Octomore farm sits on a commanding position on a hill over looking the village of Port Charlotte near Bruichladdich.
There are dramatic views over the whole island, away to the Northern Irish coast twenty-five miles away, around to the
Paps of Jura. A peaceful place with a tragic story.

The name originates around 1300, from the division of the medieval davoch - or common ground - into eight
workable, self-sustaining units. In this case the ‘Large Eighth’. The large eight was divided in to three tenancies lower,
middle and upper.

It is here that Dirty Dotty’s Well, James Brown's invigorating spring is found, producing the crystal clear water
emerging from 1.8 billion year old Gneiss rock that we use at bottling to reduce from cask strength to 46%. Once there
was also a distillery here.

John Montgomery took over the middle Octomore tenancy around 1815. He had three sons – George, William, and
Alexander. The younger brothers, William and Alexander, farmed their father’s previous farm tenancy near by.

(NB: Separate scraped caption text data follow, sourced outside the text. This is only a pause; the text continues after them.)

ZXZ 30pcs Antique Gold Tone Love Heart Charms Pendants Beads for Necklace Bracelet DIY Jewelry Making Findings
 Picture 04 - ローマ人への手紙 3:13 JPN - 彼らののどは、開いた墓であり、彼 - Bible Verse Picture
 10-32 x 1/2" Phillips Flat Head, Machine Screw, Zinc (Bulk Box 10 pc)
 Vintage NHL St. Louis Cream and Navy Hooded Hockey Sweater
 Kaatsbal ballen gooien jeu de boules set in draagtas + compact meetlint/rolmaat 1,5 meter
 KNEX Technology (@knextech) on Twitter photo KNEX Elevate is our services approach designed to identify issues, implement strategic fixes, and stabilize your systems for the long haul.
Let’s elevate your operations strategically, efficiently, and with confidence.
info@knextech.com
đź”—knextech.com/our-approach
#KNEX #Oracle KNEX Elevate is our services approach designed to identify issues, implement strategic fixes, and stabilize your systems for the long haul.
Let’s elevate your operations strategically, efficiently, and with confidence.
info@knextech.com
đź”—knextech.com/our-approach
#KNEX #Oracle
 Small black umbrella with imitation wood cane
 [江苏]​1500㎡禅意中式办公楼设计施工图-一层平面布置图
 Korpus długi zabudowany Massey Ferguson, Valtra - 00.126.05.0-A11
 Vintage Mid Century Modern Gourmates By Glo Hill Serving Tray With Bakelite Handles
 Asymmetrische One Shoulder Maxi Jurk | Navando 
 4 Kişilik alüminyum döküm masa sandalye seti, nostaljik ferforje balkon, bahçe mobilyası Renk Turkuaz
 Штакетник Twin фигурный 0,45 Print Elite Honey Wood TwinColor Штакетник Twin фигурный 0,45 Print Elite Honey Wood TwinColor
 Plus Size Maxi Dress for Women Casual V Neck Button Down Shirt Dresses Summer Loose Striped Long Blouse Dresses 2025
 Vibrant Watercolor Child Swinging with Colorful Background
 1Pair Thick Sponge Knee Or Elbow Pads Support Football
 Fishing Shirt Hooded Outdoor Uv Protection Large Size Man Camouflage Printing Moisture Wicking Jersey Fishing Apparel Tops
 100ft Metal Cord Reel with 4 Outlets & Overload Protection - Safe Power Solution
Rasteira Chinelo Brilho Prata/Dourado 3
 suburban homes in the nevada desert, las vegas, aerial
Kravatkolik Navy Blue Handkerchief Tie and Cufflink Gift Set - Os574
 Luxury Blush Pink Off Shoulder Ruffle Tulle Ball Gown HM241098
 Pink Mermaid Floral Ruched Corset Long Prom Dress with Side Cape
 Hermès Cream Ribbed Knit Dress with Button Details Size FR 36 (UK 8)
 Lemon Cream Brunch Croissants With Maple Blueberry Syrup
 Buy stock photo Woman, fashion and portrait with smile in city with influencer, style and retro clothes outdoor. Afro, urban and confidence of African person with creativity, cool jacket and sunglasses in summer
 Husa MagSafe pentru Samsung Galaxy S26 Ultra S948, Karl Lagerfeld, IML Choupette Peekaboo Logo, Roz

In 1816 John’s eldest son, George, built a small distillery on the farm along with John Macvorran, a fifteen year old lad
(probably George’s brother-in-law) from the neighbouring lower Octomore tenancy, whose father had just died. John
Montgomery, his son George and young John MacVorran became co-partners in Octomore Distillery. It was to be a
short-lived, tragic story of sibling rivalry, stubbornness, hunger and death.

The distillery was a small scale set up, probably only a single still operation, which had a capacity of a mere 270 litres,
not much more than a hogshead. It appears to have been scaled to use the two Octomore tenancies - fifty acres - of
Octomore barley. In it’s second year, 1817- 1818, it produced just 4,491litres or eighteen hogsheads.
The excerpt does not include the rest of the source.